Patti Smith schreibt seitdem sie schreiben kann. Den meisten ist sie als Sängerin bekannt. Vielen sind ihre Bilder – bis vor wenigen Jahren waren Polaroids ihr bevorzugtes Stilmittel – ein Begriff. Auch als Schriftstellerin hat sie sich einen Namen gemacht. Eine Künstlerin durch und durch, 24/7.

Vor ein paar Jahren hat sie sich dazu entschlossen einen Instagram-Account zu eröffnen. Wie sie selbst sagt, um denen, die in ihrem Namen Spenden einheimsen wollen, die echte Patti Smith entgegenzustellen. Das harte Los einer berühmten Persönlichkeit. Aber was wäre eine Künstlerin, wenn sie nicht auch diese Plattform als Ausdrucksmittel einzusetzen verstünde?!

Und nun das „Buch der Tage“. Ein Buch, das so schon existiert. Da gibt es doch tatsächlich Bücher, die die Posts von Instagram einfach noch mal in Buchform auf den Markt schmeißen. Manchmal sogar nicht einmal von echten Menschen, sondern ihren Haustieren. Das geht oft bis immer schief, weil es wirklich niemanden interessiert, wann die Miezi etwas schräg in die Kamera glotzt und man sich – als Mensch – darüber vor Lachen krümmt. Irgendwann ist jeder Gag einmal ein gelutschter Drops.

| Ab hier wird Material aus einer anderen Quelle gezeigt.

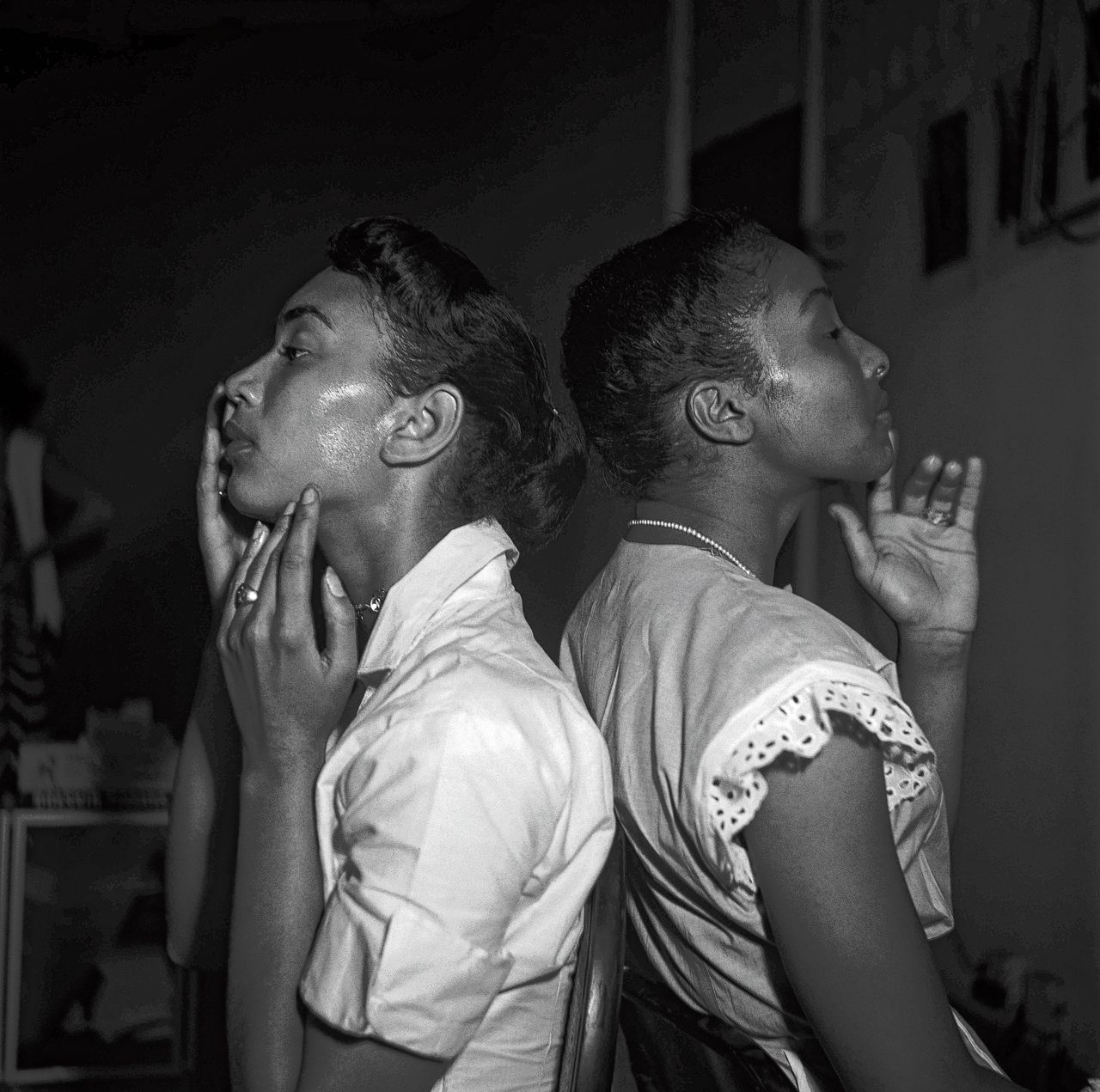 New York, 1950: Zwarte fotomodellen kort voor hun optreden in Harlem.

Diese Gefahr besteht bei Patti Smith nicht. Ihr Bilderarchiv muss wie das Weltall unendliche Weiten umfassen. Nicht nur, was die Quantität betrifft, nein, auch die Qualität – sprich Themenvielfalt – ist fast unüberschaubar. Und so taucht man in eine Welt ein, die man sich – egal, ob Fan oder nicht – kaum zu erträumen gehofft hat. Pattis Smith behält sich natürlich das Recht vor nur das zu zeigen, was sie möchte. Sie muss nicht jeden Tag ihr Frühstück mit der Welt teilen. Auch nicht ihr neues It-Piece. Und schon gar nicht irgendwelchen anderen belanglosen Trash, den nur seelenlose Follower als Einblick ins Seelenleben der Stars erkennen wollen.

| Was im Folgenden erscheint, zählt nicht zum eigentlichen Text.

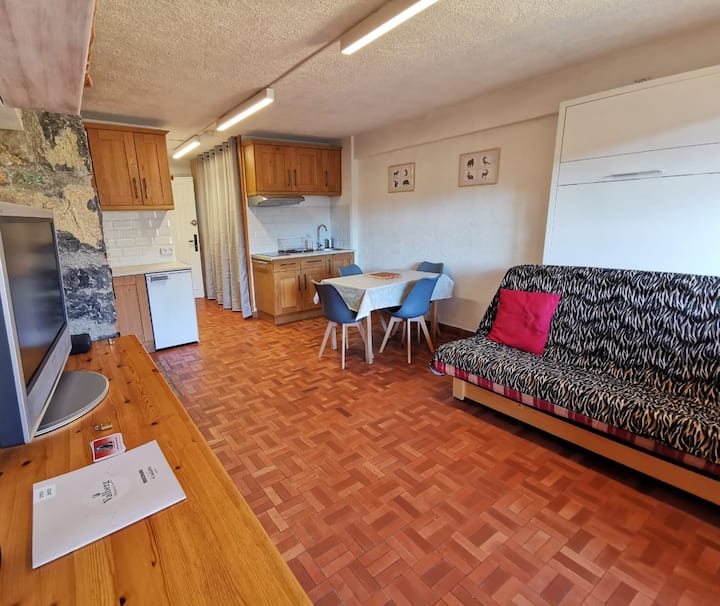 Joli Studio Cabine, Terrasse Sud Au Calme - Beuil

Hier ist eine Zeitreise in Buchform für einen Kreis von Menschen, die sich nicht nur oberflächlich verführen lassen. Von Rom und Paris über New York reist man in Bildern und Gedanken (den eigenen und denen von Patti Smith) um die Welt, die immer kleiner zu werden scheint. Was sie natürlich nicht tut, aber das Bilder, das vermittelt wird, hat auch seine Vorteile. Da man scheinbar ungezwungen binnen Bruchteilen von Sekunden in eine andere Welt eintauchen kann.

Von Ballettschuhen und dem Portrait von Greta Thunberg, vom dichten Wald bis zu Glenn Gold, von Bobby Fischer Grab bis zu einem Hufeisen, das sie auf dem Anwesen von Arthur Rimbaud gefunden hat – Patti Smiths Auge entgeht nichts. Wer schon einmal das stakkatoartige „Horses, horses, horses, horses“ auf einem verlassenen Industriegelände gehört hat, an dem ein endloser Güterzug vorbeirattert, kennt die Kraft, die Patti Smith verströmen kann. Immer tiefer ziehen ihre Bilder und kurzen Texte denn Leser in ihre Welt, ohne jemals ernsthaft in Gefahr zu geraten. Es ist eine Kunst sich selbst zu inszenieren ohne dabei selbst zum Objekt der Begierde zu werden. Patti Smith for real and forever.